The reasons for the varying deadlines and statements are unclear, but "The first point is that ransomware operators are not to be trusted," Brett Callow, threat analyst at Emsisoft, told me. Callow speculates that "LockBit lost access to the data due to the [law enforcement] disruption, and they are now trying to scam some money out of Fulton County, hoping that Fulton hasn't yet worked out that they no longer have the data."

"They probably aren't thinking too clearly at the moment," he added. "And with a 15 million buck bounty on their heads, for that amount of money, their family and friends would be willing to knock them out and drag them across the border. It's desperate times. Their multimillion-dollar empire is spiraling down the toilet, and there are significant threats to that freedom. If I were a cybercriminal, I would not want to partner with them. I would not want to partner with any operation that had been compromised by law enforcement."

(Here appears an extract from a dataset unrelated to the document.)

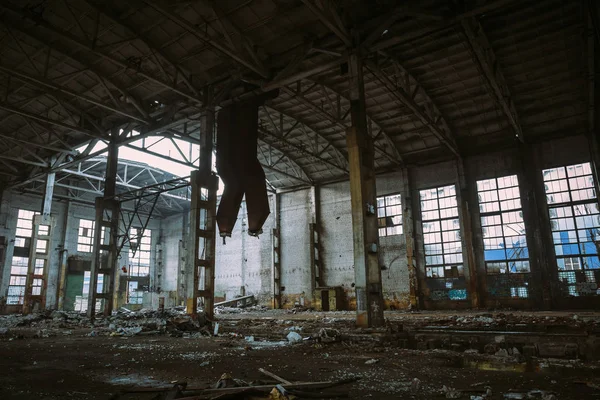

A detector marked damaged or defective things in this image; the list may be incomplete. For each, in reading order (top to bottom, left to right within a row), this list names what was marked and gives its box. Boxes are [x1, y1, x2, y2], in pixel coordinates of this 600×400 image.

The second ransomware "group" playing head games this week was far less of a threat and much more likely a plain old-fashioned scammer.

Four head-fakes in February involving sophisticated targets

One startling ransomware story this week involved an alleged ransomware attack of gaming giant Epic Games, the developer of Fortnite and other leading gaming titles, which garnered dozens of stories and social media postings. The hacker involved is a little ransomware actor known as Mogilevich, of suspected Russian origin.

The threat actor's name evokes Russian organized cybercrime boss Semion Yudkovich Mogilevich, who is on the FBI's most wanted list for his role in a multi-million dollar scheme to defraud thousands of investors in the stock of a public company incorporated in Canada but headquartered in Newtown, Bucks County, Pennsylvania, between 1993 and 1998. The United States Government is offering a reward of up to $5,000,000 for information leading to Mogilevich's arrest.

But, despite the purported hacker Mogilevich's claim that he had contacted Epic Games for payment, the company denies it. The company also said there is "zero evidence" that its systems had been hacked and that 189GB worth of data was stolen, as Mogilevich claims.

Mogilevich also claims they hacked Ireland's Department of Finance (DFA) and stole 7GB of data. DFA also denied the hacker's claim, saying, "At this point, there is no evidence of any breach of DFA ICT security infrastructure."

Unlike the hugely successful LockBit, Mogilevich appears to be a one-person operation that engages in trying to scam victims for a quick buck. "Anyone can throw up an onion site very quickly, post data from other data dumps, and claim to have breached companies that they haven't breached," Callow told me. "They appear to be scammers. There appears to be absolutely no substance at all behind their claims."

From Mogilevich’s leak site.
From Mogilevich’s leak site.

Since February 20, Mogilevich has also claimed a hack on Infiniti USA and claimed to sell the 22GB it stole from the company. The hacker has also claimed to have hacked on February 25 BazaarVoice, a publicly traded, leading platform connecting brands and retailers with their customers. Mogilevich claims to have stolen 30GB of data from the company. A search of the Security and Exchange Commission's database shows no reports of a data breach for BazaarVoice.

In the latest installment on its breach site, Mogilevich claims a hack of Bangladesh Police, which involved the theft of 13GB of data. (I contacted the Bangladesh Police for comment but heard nothing back).

Callow thinks the person or persons behind Mogilevich may be the same actors that were behind This mostly attention-seeking group boasted of hacking Sony, a supplier to Colonial Pipeline and others, and the alleged victims said they were not actually hacked.

Given the amateurish nature of its breach site and its decided lack of a track record, it's puzzling why Mogilevich would think well-established and presumably sophisticated organizations such as Epic Games or Infiniti USA (which has a hotline for car owners to report cybersecurity issues), would even fall for the scams. "They're probably not even a group," Callow says. "It's probably just one idiot."